Wage garnishment is a process used by creditors to take a portion of your paycheck after obtaining a court judgment for money owed. The debtor’s employer is required to notify the employee of the garnishment and to obey the order or face a fine or even imprisonment in extreme cases. Generally, creditors only use this process as last resort when negotiations or other demands for payment of a debt have been exhausted.
With some exceptions, Federal law limits the percentage of a debtor’s disposable earnings that can be garnished to 25 percent, or the amount by which the debtor’s weekly wage exceeds 30 percent of the federal hourly minimum wage, or whichever amount is lower. Also, a state’s maximum limit may be less than the federal limit and takes precedence. Moreover, if your wages are garnished for domestic support orders, the amount garnished could be considerably more.
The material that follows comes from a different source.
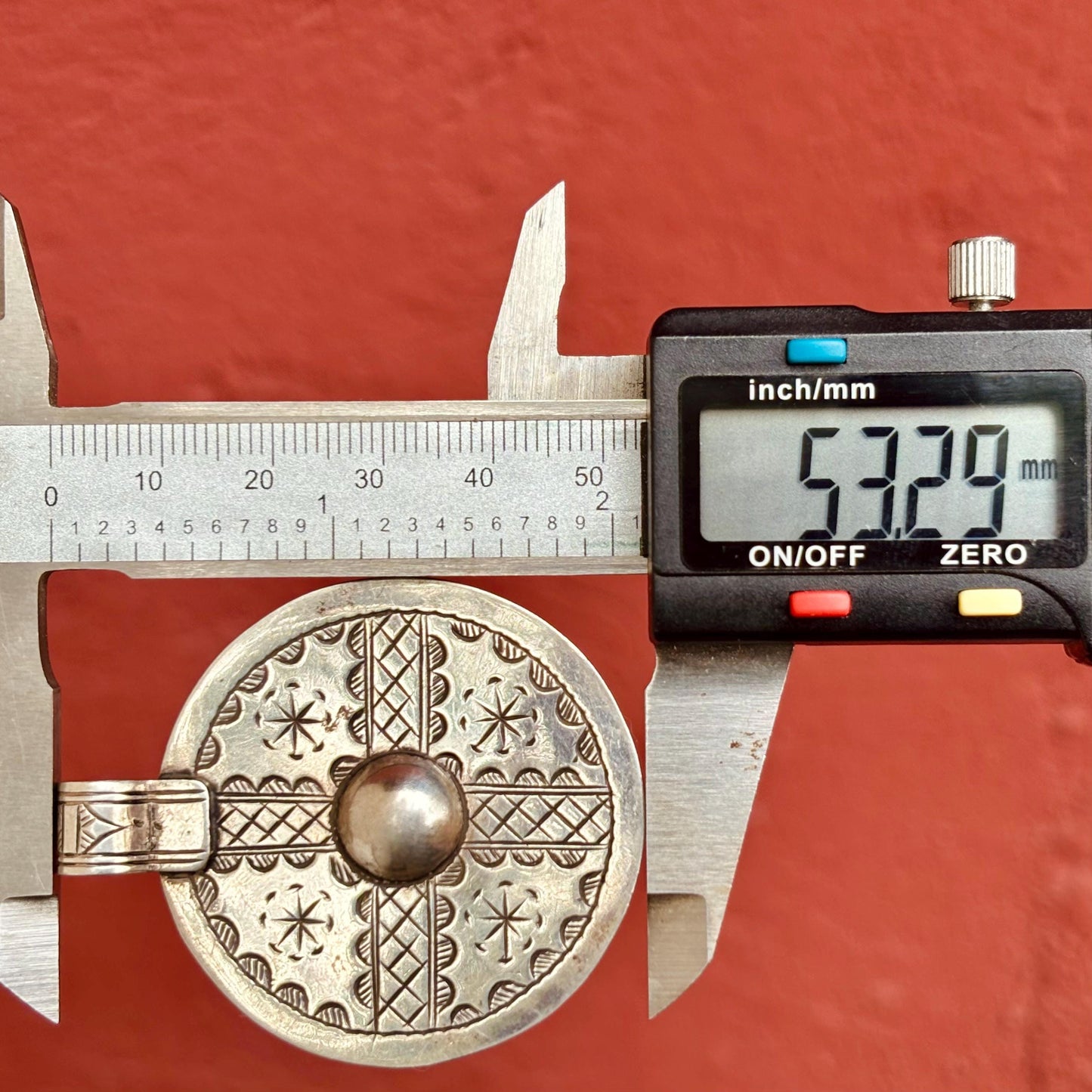 Runder Diskusanhänger aus Silber Berber Marokko - Orientalisches Amulett Schmuck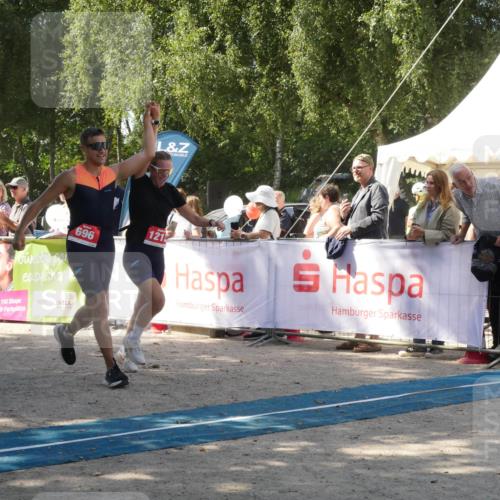 07.09.2025 - 19. Norderstedt Triathlon Zöllner http://msf.ph/oto/8786240 07.09.2025 13:00:18 Ziel 696, 1213, 1327 meine-sportfotos.de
A wage garnishment can be an embarrassing situation and can continue until the debts are paid or until another agreement is reached. Fortunately, you can avoid this embarrassment by filing a Chapter 7 or a Chapter 13 bankruptcy. Once the bankruptcy is filed, section 362 of the bankruptcy code imposes an automatic stay of all civil proceedings, including your wage garnishment, and may discharge the garnishment.
If a creditor wants to resume collection, it must ask the court to lift the stay. The court will only lift the stay if it has a valid reason to do so. However, the automatic stay will not apply to domestic support obligations such as child support or spousal maintenance.
Once you receive the discharge and the underlying obligations for the wage garnishment was included in the discharge, the creditor can no longer resume the garnishment to collect the debt. If your case is dismissed without a discharge, then the creditor can continue the wage garnishment.